-------- DATA RECORDS --------

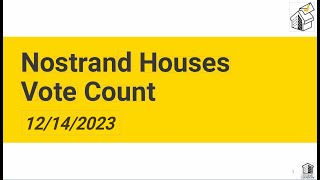 Nostrand Houses Vote Count 12142023 [upl. by Euqirrne]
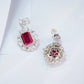 S925 Sterling Silver Lab Pigeon Blood Corundum Vintage Earrings Drop Stud - Photo 4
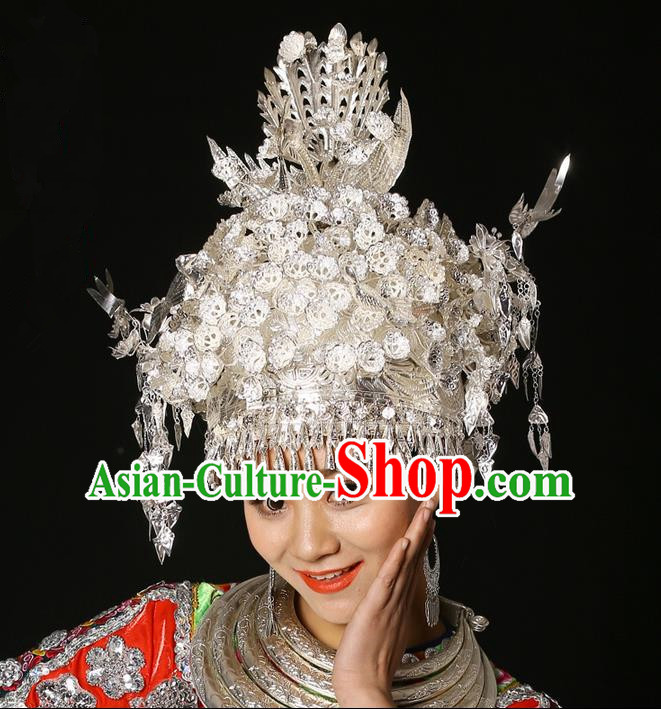 Traditional Chinese Miao Nationality Phoenix Silver Headwear, Hmong Female Folk Wedding Ethnic Accessories Crown, Chinese Minority Nationality Jewelry Accessories Hairpins for Women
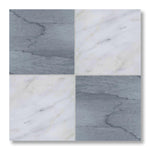 12x12 Checkerboard Tile - Bardiglio Imperiale & Asian Statuary Polished Marble - American Tile Depot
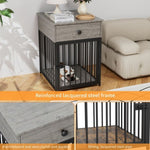 ZUN Dog Crate Furniture, Dog House, Decorative Dog Kennel with Drawer, Indoor Pet Crate End Table for 01087818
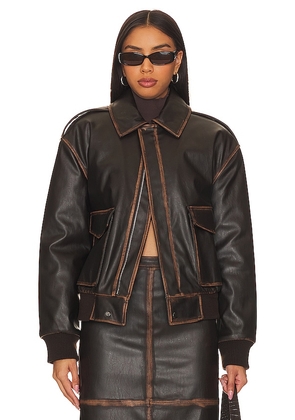 L'Academie Bo Faux Leather Jacket in Brown. Size L, S, XL, XS, XXS.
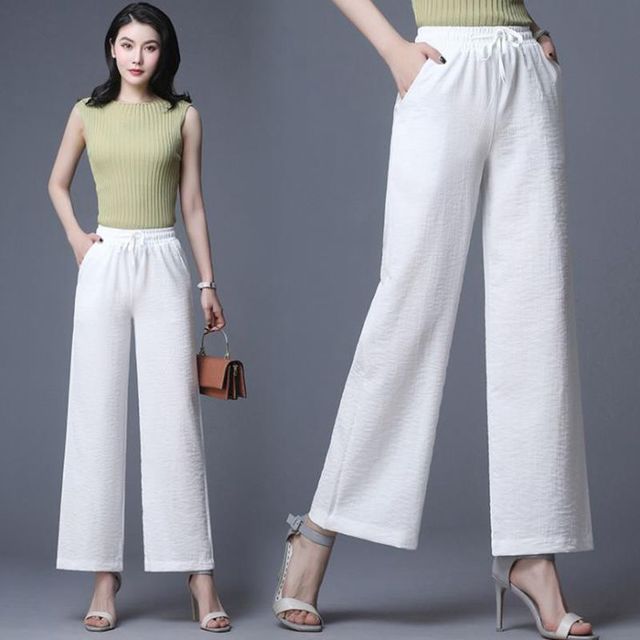 

Cotton And Linen Wide Leg Pants Women's Pants Thin Section High Waist Loose Straight Pants Linen Trousers Linen Casual Pants
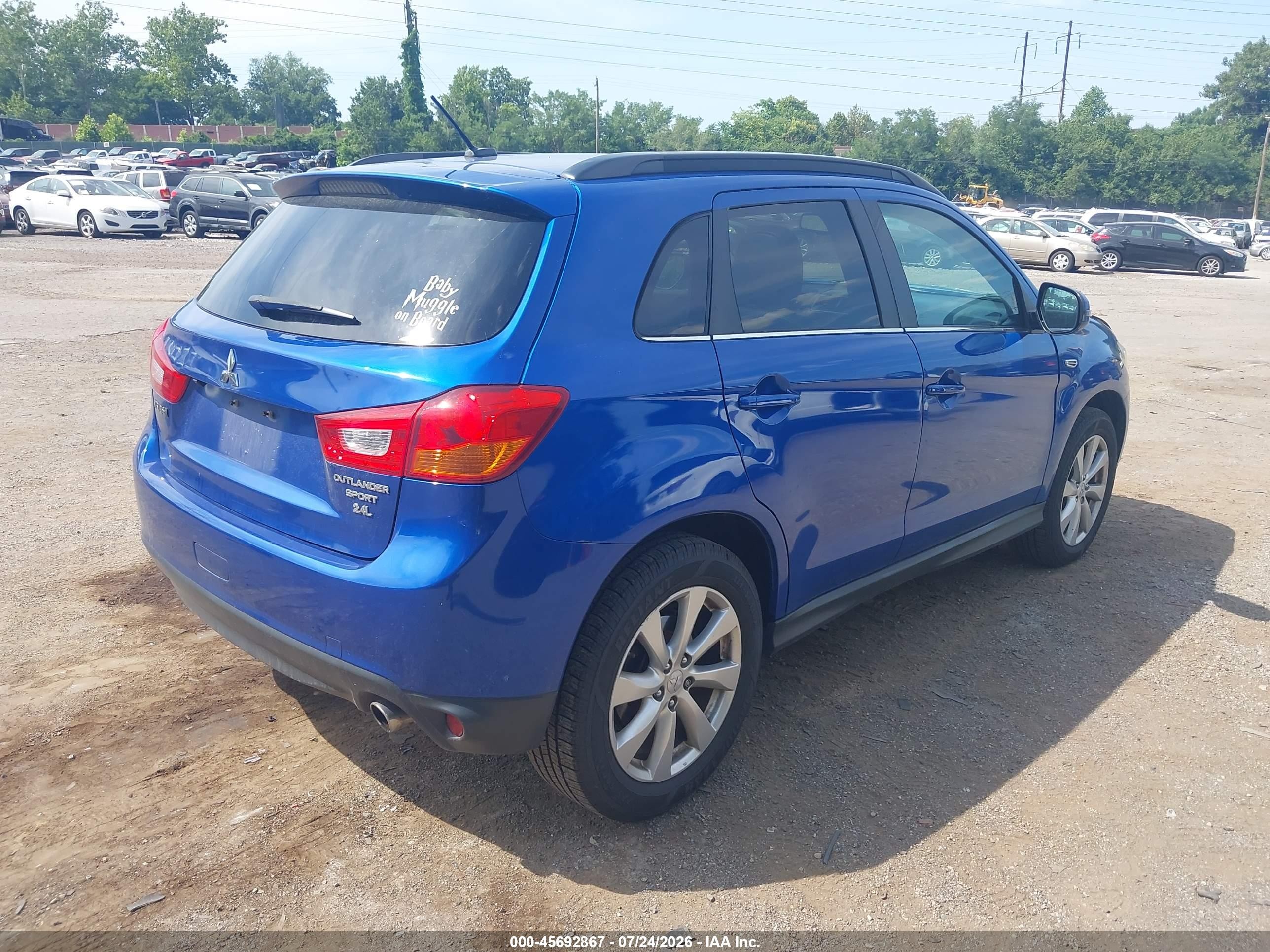2015 Mitsubishi Outlander Sport Gt Blue vin: 4A4AR4AWXFE043320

--------

* _EXERCISE INSTRUCTIONS_
Word for word, retype the lines from the one that contains "S925 Sterling Silver" through the final line of the data, both ends included, excluding pictures.

* _RESPONSE TO THIS TASK_
 S925 Sterling Silver Lab Pigeon Blood Corundum Vintage Earrings Drop Stud - Photo 4
 Traditional Chinese Miao Nationality Phoenix Silver Headwear, Hmong Female Folk Wedding Ethnic Accessories Crown, Chinese Minority Nationality Jewelry Accessories Hairpins for Women
 12x12 Checkerboard Tile - Bardiglio Imperiale & Asian Statuary Polished Marble - American Tile Depot
 ZUN Dog Crate Furniture, Dog House, Decorative Dog Kennel with Drawer, Indoor Pet Crate End Table for 01087818
 L'Academie Bo Faux Leather Jacket in Brown. Size L, S, XL, XS, XXS.

Cotton And Linen Wide Leg Pants Women's Pants Thin Section High Waist Loose Straight Pants Linen Trousers Linen Casual Pants
2015 Mitsubishi Outlander Sport Gt Blue vin: 4A4AR4AWXFE043320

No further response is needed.